Each of the four vectors mentioned above is so important that failure in any of them can result in the loss of the entire hatch. The temperature of the incubation determines the batch’s quality. Low and high temperatures both reduce hatchability and result in weak chicks. Keeping the incubation temperature at the optimal level is therefore critical. Mixing maintains temperature and humidity uniformity within the chamber, preventing any factors from becoming localized. Aeration introduces new oxygen into the system while removing carbon dioxide gas produced by eggshells. Egg turning ensures that the albumen is thoroughly mixed in order to provide adequate nutrients. When viewed holistic way, all of the above factors are important, and overall stability must be achieved by adjusting all of them. AVR ATMEGA32 maintains this equilibrium perfectly by using the features and peripherals available to it.

The design files and related documents describe how the entire system is configured and how ATMEGA32 manages those four vectors. There are two digital thermometer chips. The DS1631 serves as dry and wet electronic thermometers, the DS1307 serves as the system’s timekeeping RTC, and the LCD provides the live status of the incubator. The ATMEGA32 microcontroller’s TWI is used by both digital thermometer chips and the RTC.
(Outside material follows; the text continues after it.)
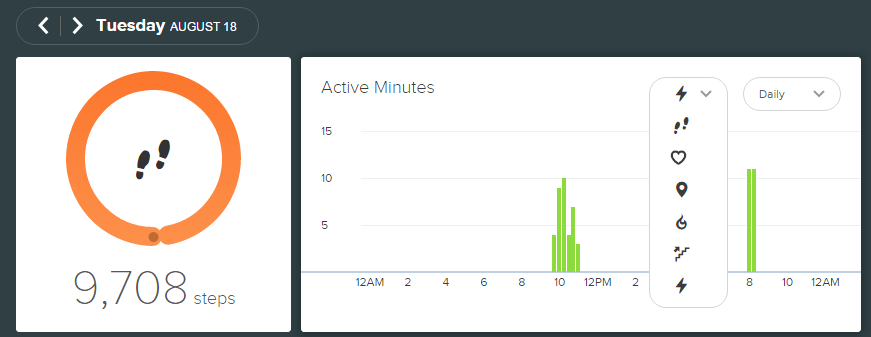 active minutes....png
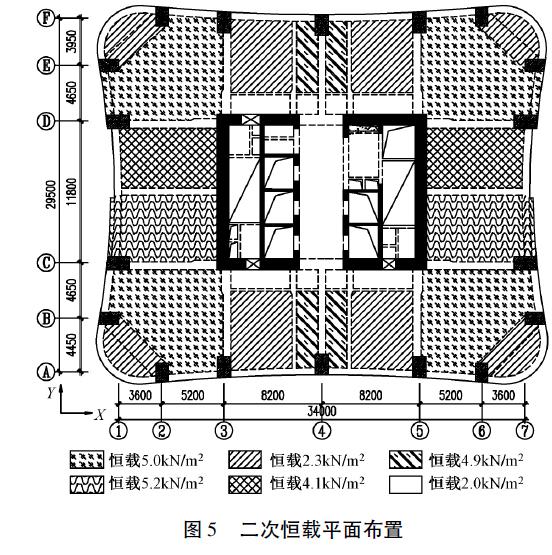 超高层住宅设计结构,超高层建筑的结构体系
The temperature of the chamber is controlled by a motorised kerosene wick lamp. AVR controls the exposure of the wick based on the wet temperature reading to keep the temperature within the range. The dry and wet electronic thermometer readings are used to calculate relative humidity, which is then used to determine the duration of aeration. RTC controls the overall timing of the system, which includes aeration, air mixing inside the chamber, egg rotation, tracking the number of days, and so on.

Other features of the system include: signaling the first hatch and monitoring the baby by detecting the sound of the baby bird once it breaks the eggshell. This feature is implemented using the ATMEGA32 ADC. Sound is captured with a condenser microphone, amplified, and fed into the ADC input. The risk of a motor-driven wick lamp malfunction is monitored using an LM35-based temperature-to-voltage converter, with the voltage fed to another ADC channel. In the event of a wick lamp, a siren will sound, and a C application has been developed to configure the number of days for hatching, temperature, and other parameters based on the bird. The serial communication protocol between the PC and the AVR is implemented using ATMEGA32’s USART module.

DC motors with motor driver chips are provided for rotation, mixing, aeration, and wick lamp control. For these motors, a separate voltage regulator is provided to prevent spurious signals and momentary currents from entering the AVR supply line. A simple gear from a mechanical clock is used to provide the necessary torque.

The entire board is powered by a 5V supply. In normal operation, the system is powered by a 230V line through rectifiers that convert AC to DC. During power outages, the system is powered by a NiCd battery backup. A relay controls the switching between the rectifier supply and the battery supply. A 2200uF capacitor installed on the rectifier output empowers switching without causing voltage fluctuations. Along with the RTC, AVR manages battery charging intervals.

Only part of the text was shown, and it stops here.